Adaptive Sensing and Target Tracking for MIMO Radar Systems
The objective of this research project is to identify algorithms that leverage recent advances in adaptive sensing for application to Multiple-Input Multiple-Output (MIMO) radar systems. The term adaptive sensing refers to sensing modalities in active Intelligence, Surveillance, and Reconnaissance (ISR) systems that employ feedback to select transmitted waveforms in response to previously processed data, to adaptively optimize overall system performance. MIMO radar systems are those systems with multiple transmit and receive apertures, and the capability for independent signal selection at each transmit aperture. We use adaptive sensing for the high-dimensional problem of multiple signal selection in MIMO radar systems. A complementary problem is that of target tracking based on the selected transmit signals and the optimal statistical processing of the data collected at the receive apertures. Significant improvements in tracking performance using the proposed approach are expected and will be quantified.
The specific objectives of this research are as follows. We first identify algorithms for adaptive sensing and target tracking under a simple point target model. This includes the generalization of existing adaptive sensing results to the adaptive sensing of state vectors with random amplitude, then target tracking using a known propagation channel response, and finally target tracking for an unknown propagation channel response. Second, we are developing models for what we have termed complex point targets,and based on these models we will develop methods for statistical inference on these targets, including detection, parameter estimation, and tracking. Third, we will investigate the effects of uncertain local oscillator (LO) synchronization across all the transmit and receive apertures in a MIMO radar system, which is inevitable given the spatial distribution of the apertures. Methods for mitigating these effects, that can be included in the adaptive sensing and statistical inference algorithms, are being derived. Finally, we will integrate the results of these three efforts just described, leading to algorithms for tracking complex point targets using a MIMO radar system and adaptive sensing methodology, taking into account system synchronization issues.
Compression and Cooperation for Wideband Spectrum Sensing and Cognition
The objective of this research is to increase the detection resolution and reduce the implementation cost of wideband spectrum sensing and cognition, which are challenging core issues in spectrum-sharing cognitive networks. The approach seeks to leverage the benefits of compressive sampling and user cooperation to develop a collaborative compressed sensing framework for wideband networks. Research thrusts include compressed wideband sensing at affordable signal acquisition costs and reliable collaborative sensing with low network overhead.

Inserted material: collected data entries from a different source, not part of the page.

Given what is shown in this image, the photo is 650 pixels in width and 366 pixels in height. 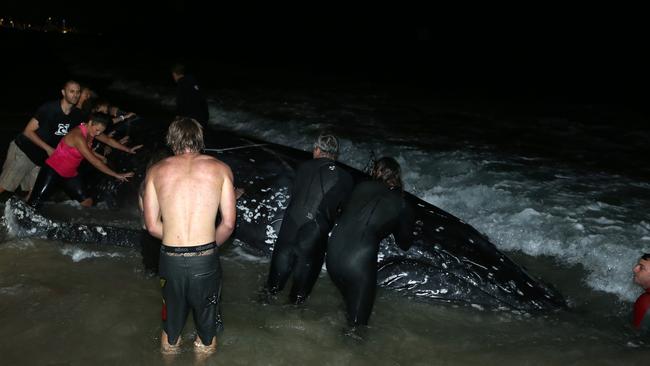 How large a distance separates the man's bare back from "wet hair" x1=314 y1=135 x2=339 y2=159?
52.7 inches

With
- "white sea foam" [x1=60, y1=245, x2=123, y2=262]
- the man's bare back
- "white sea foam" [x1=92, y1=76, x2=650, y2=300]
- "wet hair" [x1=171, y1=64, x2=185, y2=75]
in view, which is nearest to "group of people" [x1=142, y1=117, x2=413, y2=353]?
the man's bare back

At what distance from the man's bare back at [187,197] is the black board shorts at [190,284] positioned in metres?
0.09

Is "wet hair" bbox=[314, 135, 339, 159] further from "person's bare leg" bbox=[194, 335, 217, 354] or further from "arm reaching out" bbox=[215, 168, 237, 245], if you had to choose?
"person's bare leg" bbox=[194, 335, 217, 354]

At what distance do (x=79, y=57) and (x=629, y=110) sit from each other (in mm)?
34780

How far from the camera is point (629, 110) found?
67.4 ft

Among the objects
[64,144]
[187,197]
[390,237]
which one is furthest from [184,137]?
[64,144]

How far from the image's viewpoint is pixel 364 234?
5.02 m

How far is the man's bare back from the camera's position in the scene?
4.05 m

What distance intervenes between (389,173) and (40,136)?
192 inches

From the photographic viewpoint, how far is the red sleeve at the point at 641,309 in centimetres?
505

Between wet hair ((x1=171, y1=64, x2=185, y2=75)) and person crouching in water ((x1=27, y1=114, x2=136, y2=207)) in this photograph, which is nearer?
person crouching in water ((x1=27, y1=114, x2=136, y2=207))

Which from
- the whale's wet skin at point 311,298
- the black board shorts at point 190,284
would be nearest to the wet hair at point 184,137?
the black board shorts at point 190,284

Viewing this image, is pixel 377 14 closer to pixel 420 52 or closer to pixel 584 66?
pixel 420 52

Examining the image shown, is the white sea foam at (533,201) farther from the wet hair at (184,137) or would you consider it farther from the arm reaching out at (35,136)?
the arm reaching out at (35,136) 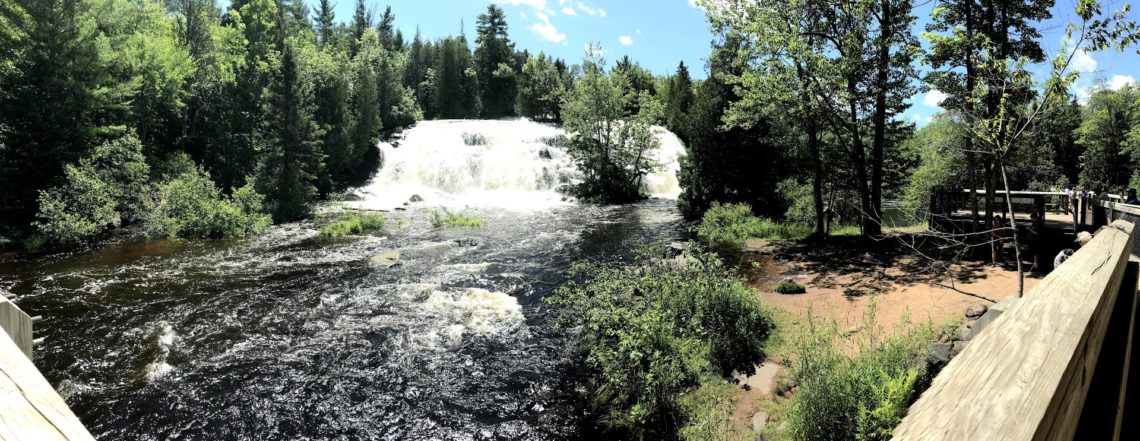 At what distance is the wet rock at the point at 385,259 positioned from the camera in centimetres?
1571

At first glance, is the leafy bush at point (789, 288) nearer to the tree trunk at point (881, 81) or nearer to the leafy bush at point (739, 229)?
the tree trunk at point (881, 81)

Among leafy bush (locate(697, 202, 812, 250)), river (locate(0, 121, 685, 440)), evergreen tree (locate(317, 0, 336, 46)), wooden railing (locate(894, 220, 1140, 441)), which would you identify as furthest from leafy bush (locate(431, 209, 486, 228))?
evergreen tree (locate(317, 0, 336, 46))

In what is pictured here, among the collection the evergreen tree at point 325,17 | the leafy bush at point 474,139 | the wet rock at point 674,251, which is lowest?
the wet rock at point 674,251

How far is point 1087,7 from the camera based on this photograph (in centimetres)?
443

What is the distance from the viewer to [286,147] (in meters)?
25.9

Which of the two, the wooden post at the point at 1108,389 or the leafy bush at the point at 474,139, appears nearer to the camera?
the wooden post at the point at 1108,389

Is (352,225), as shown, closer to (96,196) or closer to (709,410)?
(96,196)

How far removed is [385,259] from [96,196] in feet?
39.7

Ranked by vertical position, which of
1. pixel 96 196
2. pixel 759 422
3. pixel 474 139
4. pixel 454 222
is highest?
pixel 474 139

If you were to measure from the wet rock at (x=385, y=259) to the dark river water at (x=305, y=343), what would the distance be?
22 cm

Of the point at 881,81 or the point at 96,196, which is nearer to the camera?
the point at 881,81

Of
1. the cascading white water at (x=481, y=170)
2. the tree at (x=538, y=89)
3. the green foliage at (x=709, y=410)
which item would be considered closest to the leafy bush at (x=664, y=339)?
the green foliage at (x=709, y=410)

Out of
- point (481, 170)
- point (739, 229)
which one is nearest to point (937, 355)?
point (739, 229)

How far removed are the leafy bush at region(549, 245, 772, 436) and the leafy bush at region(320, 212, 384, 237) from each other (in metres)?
13.4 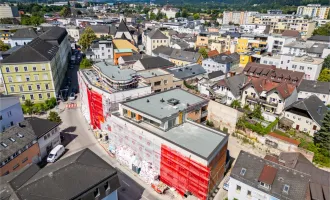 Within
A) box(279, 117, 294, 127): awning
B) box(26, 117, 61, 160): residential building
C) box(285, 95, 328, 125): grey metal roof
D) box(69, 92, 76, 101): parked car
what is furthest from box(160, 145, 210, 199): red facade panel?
box(69, 92, 76, 101): parked car

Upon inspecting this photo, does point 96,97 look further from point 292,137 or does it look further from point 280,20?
point 280,20

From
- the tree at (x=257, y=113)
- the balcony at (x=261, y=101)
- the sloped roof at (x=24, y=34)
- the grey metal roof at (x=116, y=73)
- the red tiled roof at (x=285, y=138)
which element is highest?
the sloped roof at (x=24, y=34)

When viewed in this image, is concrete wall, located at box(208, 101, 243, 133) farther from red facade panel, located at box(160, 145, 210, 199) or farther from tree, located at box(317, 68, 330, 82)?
tree, located at box(317, 68, 330, 82)

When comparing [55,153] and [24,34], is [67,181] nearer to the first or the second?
[55,153]

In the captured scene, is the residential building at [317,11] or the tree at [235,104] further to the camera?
the residential building at [317,11]

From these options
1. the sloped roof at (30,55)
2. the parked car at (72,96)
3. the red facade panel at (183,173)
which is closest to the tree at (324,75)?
the red facade panel at (183,173)

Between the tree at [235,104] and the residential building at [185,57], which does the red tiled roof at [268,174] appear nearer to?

This research combines compression and collaboration techniques with technical innovations in wideband spectrum sensing. The project seeks to develop a suite of compressed sensing algorithms that exploit spectral sparsity to reduce the need for high-speed sampling in ultra-wideband and wideband radios. A decentralized approach for joint cooperation and compression, which exploits spatial diversity to alleviate the hidden terminal problem caused by wireless channel fading, is investigated for ad hoc cognitive networks. Further, the research examines fundamental tradeoffs in a cooperative sensing system including diversity gain, compression, sensing time and complexity.
This project will lead to new techniques that can improve the spectrum utilization efficiency and user capacity of wireless networks, thus allowing a multitude of new cognitive radio transceivers. Such devices include wireless sensors and radio frequency identification (RFID) chipsets for monitoring and tracking applications. The compressed sensing and decentralized collaboration techniques being investigated also have the potential to contribute to other sensing-related applications, such as wireless sensor networks. Research experiences gained through this project help to prepare students for engineering in the 21st Century.